Rivera and Pettitte were two indispensable cornerstones of the dynasty Yankees clubs, and for the 57th time, the closer nailed down a save for the left-hander, equaling the mark achieved by Oakland's Dennis Eckersley and Bob Welch.
It is truly a winning relationship. Even with Pettitte's three-year departure to pitch for the Astros, Rivera has secured 31 percent of Pettitte's 180 victories for the Yankees.
"It's a lot of longevity," Yankees manager Joe Girardi said. "The way they take care of themselves, the way they work at their trade, to have that opportunity to tie that is pretty amazing. Those two guys have been staples here for a long time."
Once teammates coming up through the system, Pettitte said he has considered what his career might have been without Rivera in the late innings. The southpaw is glad that he never had to approach that as reality.
"You see how organizations struggle to find guys to close out their games, and it's a huge part of the game," Pettitte said. "This organization has been very, very fortunate to have him."
On a cool, foggy evening in the Bronx, the Yankees were lucky to have the benefit of a strong start from Pettitte once again, his third in three outings this season.
Though he didn't have the best command of his fastball, Pettitte credited catcher Jorge Posada in helping guide him through seven innings, scattering nine hits while limiting the A's to two runs over a 105-pitch performance.
"I think he got better as the game went along," Posada said. "He kept getting ahead with his curveball and threw it for a strike. That's one pitch I knew I had."
"Andy knows what it takes to pitch here," Girardi said. "He understands what it's like to be on that mound at Yankee Stadium and pitch in tough ballgames. We always know that Andy is going to grit it out. That's what he does."
Walking none and striking out none, Pettitte benefited from some flashy glove work. In the first inning, Jason Giambi -- making his New York return after seven years in pinstripes -- mashed a ball to deep center field that turned Brett Gardner around, showing the "11" on his back to the infield.
Ranging toward left-center, Gardner tracked the drive down with a sensational leaping catch, robbing Giambi of what would have been a sure extra-base hit.
"Brett seems to have that extra gear that a lot of us are not blessed with," Girardi said.

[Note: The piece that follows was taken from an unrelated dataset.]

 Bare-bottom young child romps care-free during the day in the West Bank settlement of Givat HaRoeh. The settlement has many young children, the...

A key 3-3-2 double play turned by Mark Teixeira helped Pettitte escape the third inning unscathed, cutting down Kurt Suzuki in a rundown, and Teixeira also made a nifty defensive play on a fielder's choice in the fourth inning.

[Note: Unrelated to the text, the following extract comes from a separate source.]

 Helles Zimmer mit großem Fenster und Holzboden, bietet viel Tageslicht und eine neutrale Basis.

"I need defense," Pettitte said. "I'm going to hopefully not walk a whole lot of guys and I don't strike out a whole lot. I put the ball in play. I need my defense out there to make plays and help me out, for sure."
The Yankees touched Oakland starter Dana Eveland for four runs -- all in the second inning. Gardner drilled a two-run single past the drawn-in infield, scoring Nick Swisher and Hideki Matsui.
Johnny Damon drove in New York's third run with a single to right-center, but was thrown out stretching at second base by center fielder Rajai Davis. Teixeira followed with a broken-bat single to left to drive home the fourth Yankee run.
Damon padded the lead with his second home run of the year in the sixth inning, a solo shot to the second deck in right field off of reliever Andrew Bailey.
The blast was the 21st hit in five regular-season games at the new building, but Damon made sure to note this -- the only long ball hit Tuesday -- was no cheapie.
"At the other stadium, I hit it so well that it definitely would have been in the upper deck," Damon said.
Walking none and striking out none, Pettitte allowed both runs in the fourth inning, on a Mark Ellis fielder's choice that scored Giambi and a Suzuki single that brought home Matt Holliday.
That was all, as Pettitte logged his 26th April victory as a Yankee -- the most in franchise history -- and won his first start at the new Stadium after closing out the old one with a victory on Sept. 21.
"Andy's been a big-game pitcher for us throughout the years," Derek Jeter said. "You always feel comfortable with him on the mound, whether he's going good or bad, because you know that even when he doesn't have his best stuff, he's going to battle."
Brian Bruney allowed a single to Jack Cust in the eighth -- snapping a personal string of 22 consecutive batters retired -- and a run-scoring double to Ellis. But then Rivera came on to the familiar strains of "Enter Sandman," putting the finishing touches on a very familiar box score.
"Andy's going to give you whatever he has," Posada said. "He's going to throw it all out there and, win or lose, he's still going to be the same. He gives you whatever he's got to get a win. And then you've got Mariano coming in -- it's good to see him out there again. Mariano, I don't have to talk too much about."